**THE TASK**
Repeat the span of the entries below that starts at the line with "Private Label Bridge" and ends at the line with "FORD FIESTA 2011/9 - 9", nothing more. Skip the pictures.
START RECORD EXCERPTS
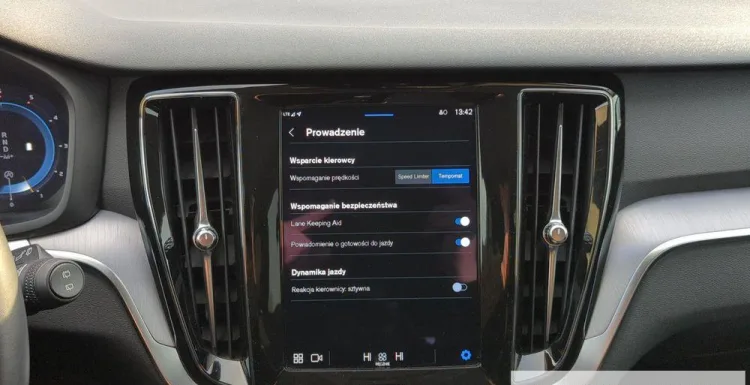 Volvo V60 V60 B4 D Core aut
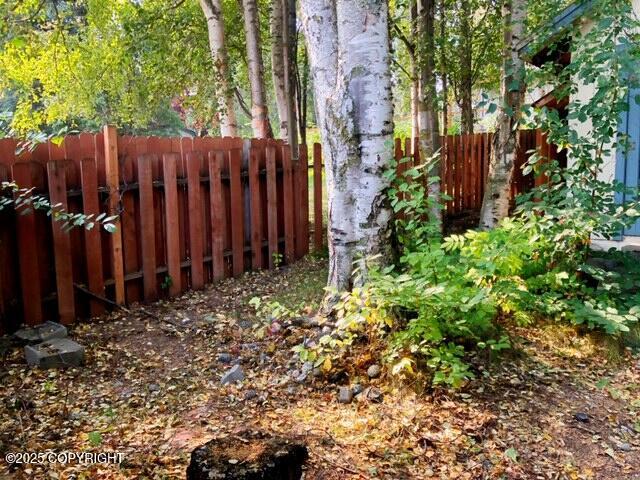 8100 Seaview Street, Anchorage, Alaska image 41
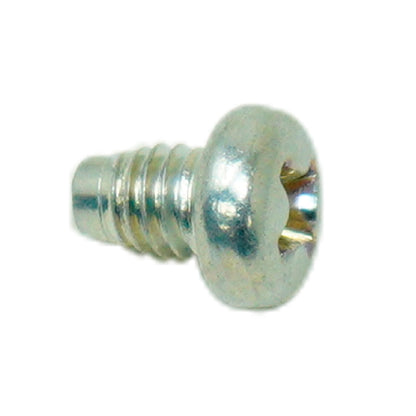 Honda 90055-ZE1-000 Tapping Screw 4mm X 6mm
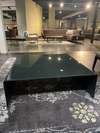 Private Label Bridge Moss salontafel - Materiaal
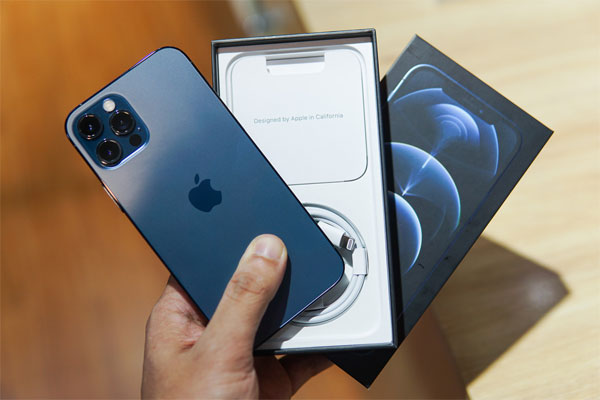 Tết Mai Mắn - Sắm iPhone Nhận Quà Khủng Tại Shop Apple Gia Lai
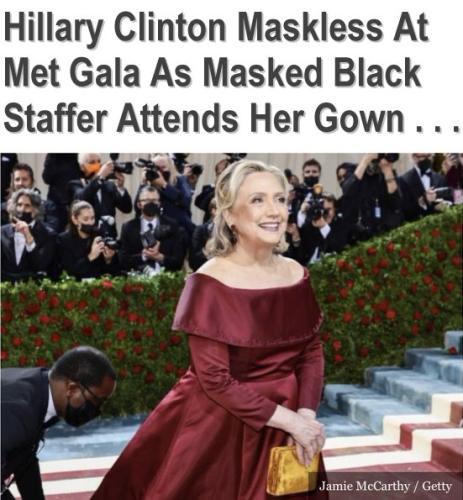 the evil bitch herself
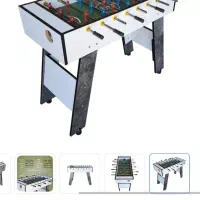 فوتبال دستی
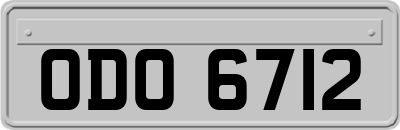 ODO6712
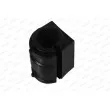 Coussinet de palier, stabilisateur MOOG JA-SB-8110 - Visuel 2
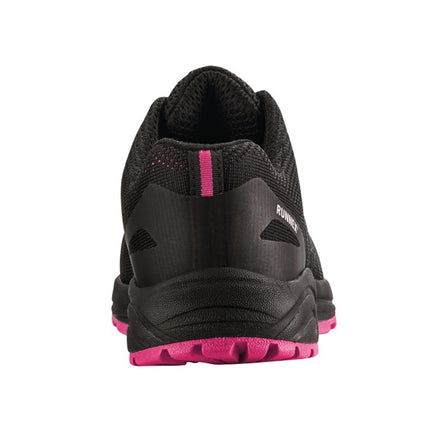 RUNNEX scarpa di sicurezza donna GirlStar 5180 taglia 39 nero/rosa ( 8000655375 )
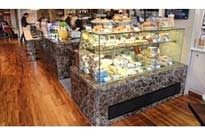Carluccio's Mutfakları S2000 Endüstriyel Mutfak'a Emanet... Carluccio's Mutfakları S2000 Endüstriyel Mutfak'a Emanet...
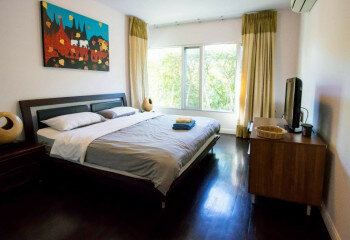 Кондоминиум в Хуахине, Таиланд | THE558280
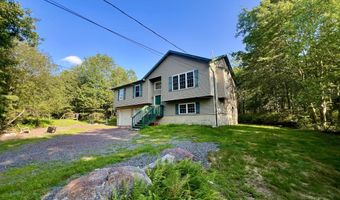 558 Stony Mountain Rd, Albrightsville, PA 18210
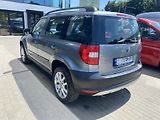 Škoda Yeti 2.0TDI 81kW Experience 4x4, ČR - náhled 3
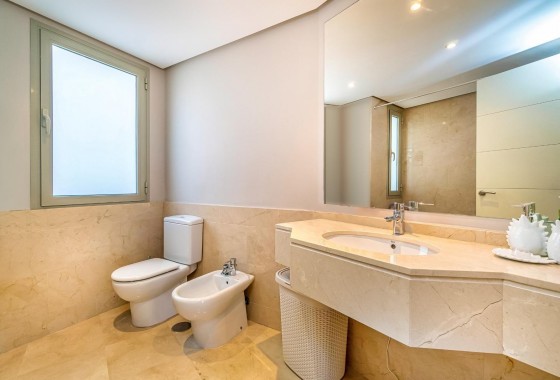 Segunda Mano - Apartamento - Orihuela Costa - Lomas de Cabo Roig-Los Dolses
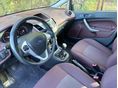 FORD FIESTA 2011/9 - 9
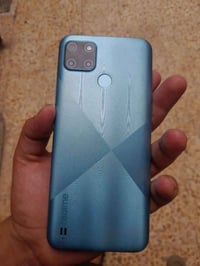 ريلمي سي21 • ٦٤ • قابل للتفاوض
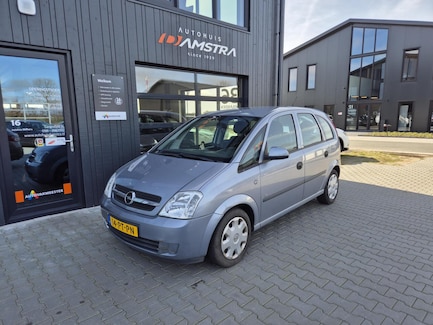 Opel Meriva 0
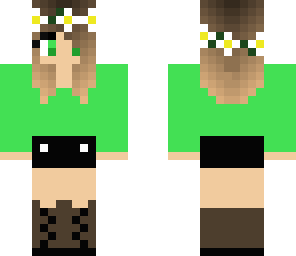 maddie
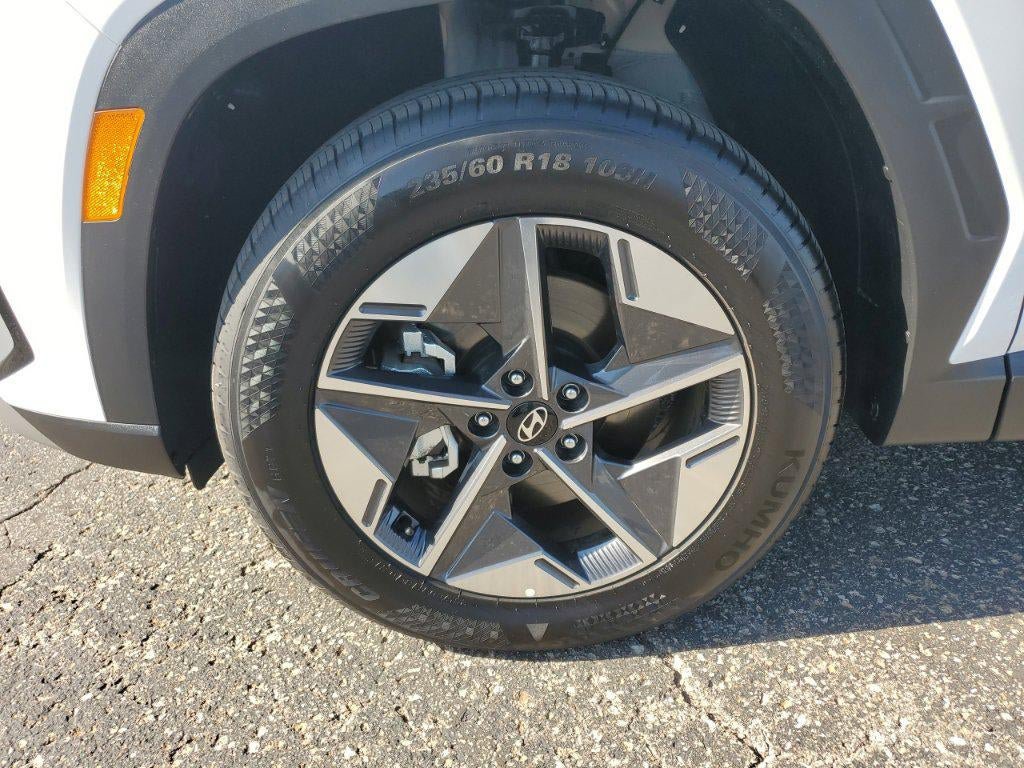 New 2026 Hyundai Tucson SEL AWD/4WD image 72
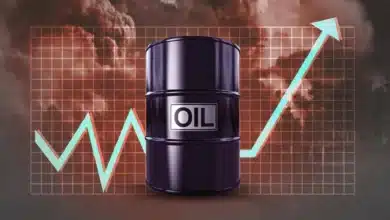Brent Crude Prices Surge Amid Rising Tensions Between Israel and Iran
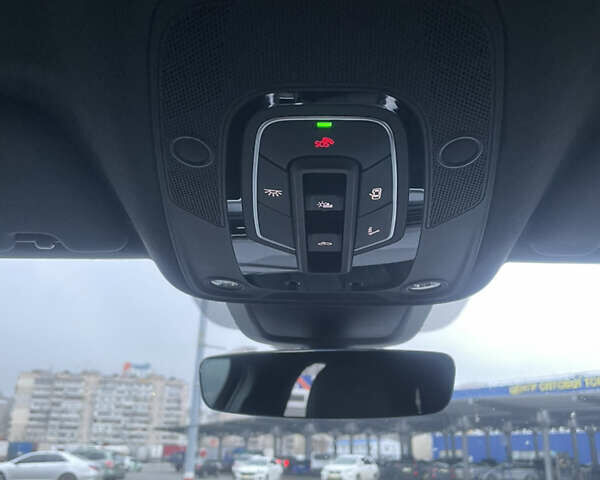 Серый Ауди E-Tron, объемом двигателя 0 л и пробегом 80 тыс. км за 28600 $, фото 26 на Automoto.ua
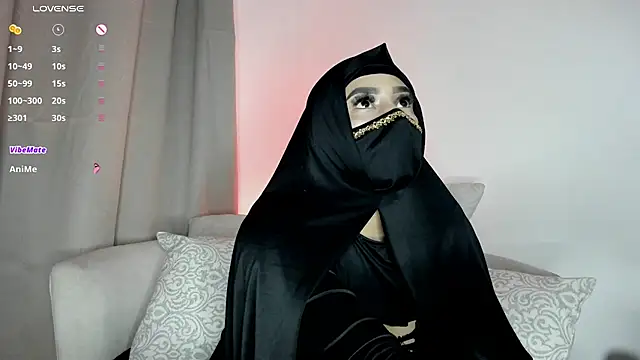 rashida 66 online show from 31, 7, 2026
END RECORD EXCERPTS
**RESULT OF THE TASK**
 Private Label Bridge Moss salontafel - Materiaal
 Tết Mai Mắn - Sắm iPhone Nhận Quà Khủng Tại Shop Apple Gia Lai
 the evil bitch herself
 فوتبال دستی
 ODO6712
 Coussinet de palier, stabilisateur MOOG JA-SB-8110 - Visuel 2
 RUNNEX scarpa di sicurezza donna GirlStar 5180 taglia 39 nero/rosa ( 8000655375 )
Carluccio's Mutfakları S2000 Endüstriyel Mutfak'a Emanet... Carluccio's Mutfakları S2000 Endüstriyel Mutfak'a Emanet...
 Кондоминиум в Хуахине, Таиланд | THE558280
 558 Stony Mountain Rd, Albrightsville, PA 18210
 Škoda Yeti 2.0TDI 81kW Experience 4x4, ČR - náhled 3
 Segunda Mano - Apartamento - Orihuela Costa - Lomas de Cabo Roig-Los Dolses
 FORD FIESTA 2011/9 - 9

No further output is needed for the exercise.